BEGIN Data shown

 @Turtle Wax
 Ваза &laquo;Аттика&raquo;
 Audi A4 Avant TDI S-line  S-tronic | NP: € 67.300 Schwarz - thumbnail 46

END Data shown

Return all of the data above verbatim.

• [Result of the exercise]:
 @Turtle Wax
 Ваза &laquo;Аттика&raquo;
 Audi A4 Avant TDI S-line  S-tronic | NP: € 67.300 Schwarz - thumbnail 46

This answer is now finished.